Radfahrer und Auto am Kreisverkehr – Wer hat wann gegenüber wem Vorfahrt?

Radfahrer und Auto am Kreisverkehr – Wer hat wann gegenüber wem Vorfahrt?

Hat ein Radfahrer auf einem neben einem Kreisverkehr geführten Radweg das Verkehrszeichen „Vorfahrt gewähren“ zu beachten, wenn er eine Zufahrtsstraße zum Kreisverkehr queren will, ist der Radfahrer gegenüber den Autos, die über die Zufahrtsstraße in den Kreisverkehr einfahren wollen, wartepflichtig.
Das gilt auch dann, wenn die Autofahrer vor dem Radweg und dem Erreichen des Kreisverkehrs selbst das Zeichen „Vorfahrt gewähren“ in Kombination mit dem Zeichen „Kreisverkehr“ passieren müssen.

Das hat der 9. Zivilsenat des Oberlandesgerichts (OLG) Hamm mit Urteil vom 17.07.2012 – 9 U 200/11 – entschieden.

In dem dieser Entscheidung zugrunde liegenden Fall erlitt die Klägerin einen Verkehrsunfall, als sie mit ihrem Elektrofahrrad auf dem neben einer Kreisfahrbahn geführten Radweg am Kreisverkehr die Einmündung einer Straße querte. Sie stieß im Einmündungsbereich mit dem Auto der Beklagten zusammen, die von der einmündenden Straße kommend in den Kreisverkehr einfahren wollte.
Vor dem Queren der Straße haben Radfahrer das Verkehrszeichen „Vorfahrt gewähren“ (Zeichen 205 der Straßenverkehrsordnung) zu beachten.
Die in den Kreisverkehr einfahrenden Autofahrer passieren vor dem Radweg und dem Kreisverkehr ebenfalls das Zeichen „Vorfahrt gewähren“ in Kombination mit dem Zeichen „Kreisverkehr“ (Zeichen 215 der Straßenverkehrsordnung).

Die Klägerin hat von der Beklagten Schadensersatz verlangt, u.a. ein Schmerzensgeld in Höhe von 15.000 €. Sie ist der Meinung, die Beklagte habe ihr Vorfahrtsrecht verletzt. Sie hätte sie vor der Einfahrt in den Kreisverkehr passieren lassen müssen.
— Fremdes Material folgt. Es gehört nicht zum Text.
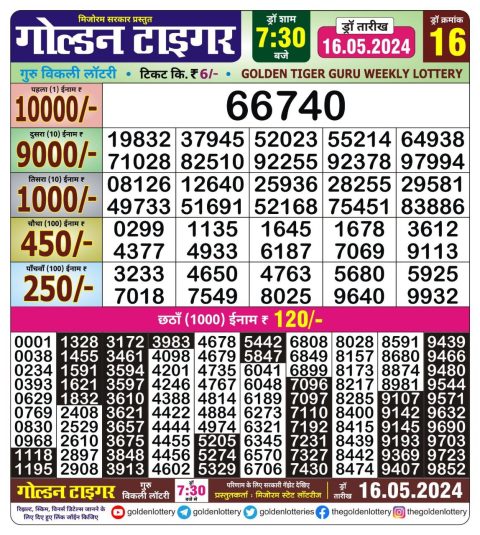 Lottery Sambad Today 2024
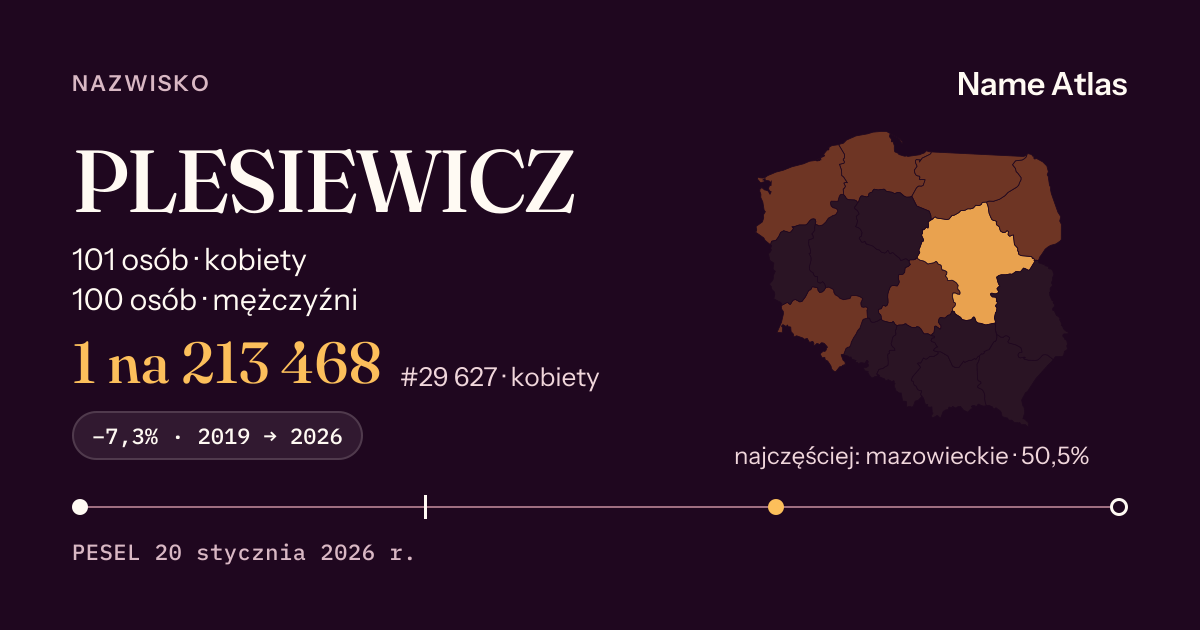 Karta nazwiska z liczbami z rejestru PESEL: PLESIEWICZ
Der 9. Zivilsenat des OLG Hamm hat die Klage abgewiesen, weil die Klägerin ein erhebliches, eine Mithaftung der Beklagten ausschließendes Eigenverschulden an dem Unfall treffe.
Die Beklagte habe kein Vorfahrtsrecht verletzt. Aufgrund der von ihr zu passierenden Verkehrszeichen sei sie lediglich gegenüber dem auf der eigentlichen Kreisbahn befindlichen Verkehr wartepflichtig gewesen und nicht auch gegenüber Radfahrern, die den neben der Kreisbahn befindlichen Radweg benutzten.
Demgegenüber habe die Klägerin der Beklagten Vorfahrt gewähren müssen. Ihre Wartepflicht gelte nicht nur gegenüber Fahrzeugen, die vom Kreisverkehr in die Zufahrtsstraße abbiegen, sondern auch gegenüber den Fahrzeugen, die über die Zufahrtsstraße in den Kreisverkehr einfahren wollten.
Nur so verstanden ergebe die vorhandene Beschilderung einen Sinn.
Hinzu komme, dass die Klägerin vorliegend über einen abgesenkten Bordstein vom Radweg auf die Fahrbahn der Zufahrtstraße gefahren sei.
Nach der Straßenverkehrsordnung habe sich derjenige, der über einen abgesenkten Bordstein auf eine Fahrbahn einfahre, so zu verhalten, dass eine Gefährdung anderer Verkehrsteilnehmer ausgeschlossen sei. Daraus folge, dass ihm insoweit auch kein Vorfahrtsrecht zustehen könne.
Ihm Übrigen fehlten auf der Fahrbahn der Zufahrtsstraße hier auch Markierungen für einen querenden Radweg, was ebenfalls ein Anhaltspunkt dafür sei, dass ein querender Radfahrer wartepflichtig sei.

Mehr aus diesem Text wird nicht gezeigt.